To do: Print out the data below in full and exactly, skipping the pictures.

Dataset extract:
########

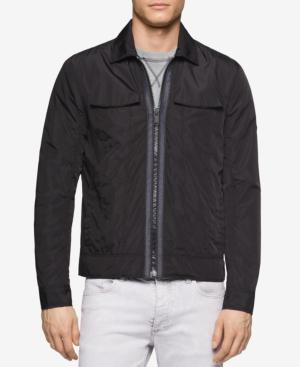 Calvin Klein Men's Zip-front Trucker Jacket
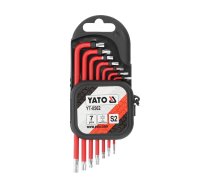 YATO Torx Skrūvgriežu Komplekts (7gab.) T9-T30 (YT-0562) | YT-0562 | 5906083905629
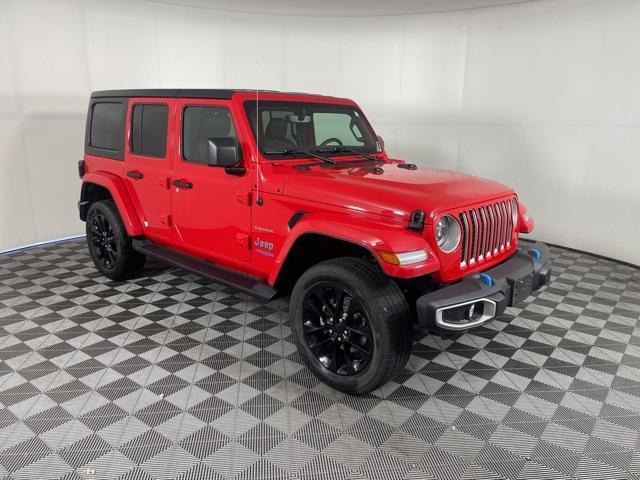used 2022 Jeep Wrangler Unlimited 4xe car, priced at $34,695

########

Reply:
 Calvin Klein Men's Zip-front Trucker Jacket
 YATO Torx Skrūvgriežu Komplekts (7gab.) T9-T30 (YT-0562) | YT-0562 | 5906083905629
used 2022 Jeep Wrangler Unlimited 4xe car, priced at $34,695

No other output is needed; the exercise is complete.